Among the most powerful nationalising agencies are the school and the Church. The Austrian Government endeavours to denationalise the Italians by means of the school and the Church, and its policy is powerfully supported by the well-organised Slavs, who strive to conquer Trieste for themselves. More than three-quarters of the inhabitants of Trieste are Italians. Yet there is not a single Italian State school of the ordinary type. The Government supports only a nautical school and a commercial high school, which were founded one in 1754 and the other in 1817. In Trieste and on the sea-coast near by dwell 383,000 Italians. They possess only two intermediate schools maintained by the Government, one at Pola and one at Capodistria.

On the other hand, Cracow, with only 100,000 inhabitants, has five Polish intermediate schools and two technical schools supported by the Government. The Government obviously follows the policy of supporting the Poles and suppressing the Italians. All nationalities dwelling in the Italian districts are encouraged except the Italians. In Trieste and the Italian districts near by there dwell fewer than 20,000 Germans, who are scattered among the Italians. Entirely for these the Austrian Government maintains six intermediate schools at Trieste, Pola, and Gorizia, and most of the German schools stand relatively empty. In 1911-12 the eight classes of the German intermediate school at Gorizia were frequented by only forty-six German scholars. Owing to the lack of educational facilities Italians are forced to send their children to German and Slavonic schools, unless they succeed in establishing schools of their own with their own means.

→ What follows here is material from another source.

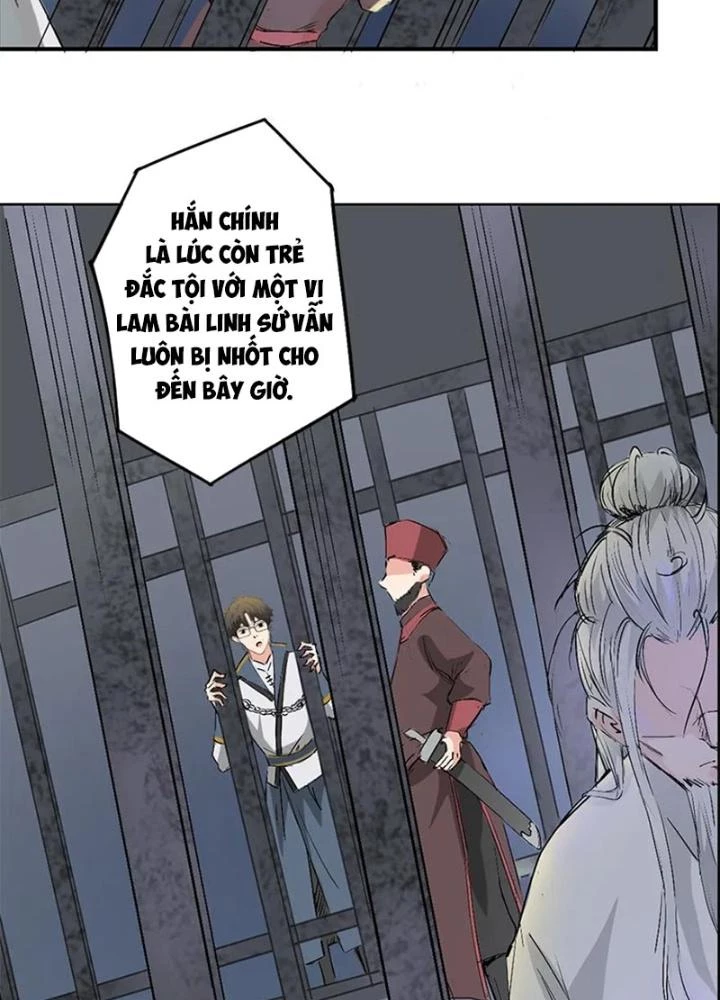 Dị Giới Trung Dược Phổ Chapter 24 - Trang 18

Recognising the danger of losing their nationality by the insidious educational policy followed by the Austrian Government, a powerful movement for counteracting that policy arose among the Italians living in Austria. The town of Trieste is most active in its effort of defending the Italian nationality by means of Italian schools. In 1911 Trieste maintained 21 Italian elementary schools with 16,570 children and 14 country schools. The town of Trieste spends 1,350,000 crowns a year on its Italian schools, and some of the buildings are monuments of Italian nationalism, being constructed regardless of expense. The town maintains besides eight kindergarten schools at a yearly expenditure of 100,000 crowns. In addition to these, Italian intermediate and technical schools have been founded by the town, and considerable amounts are spent every year in subsidising schools, in buying books and boots for the school-children, and in assisting the parents of very poor children. Trieste spends per year no less than 3,262,000 crowns on education, to which more than one-sixth of its total expenditure is devoted.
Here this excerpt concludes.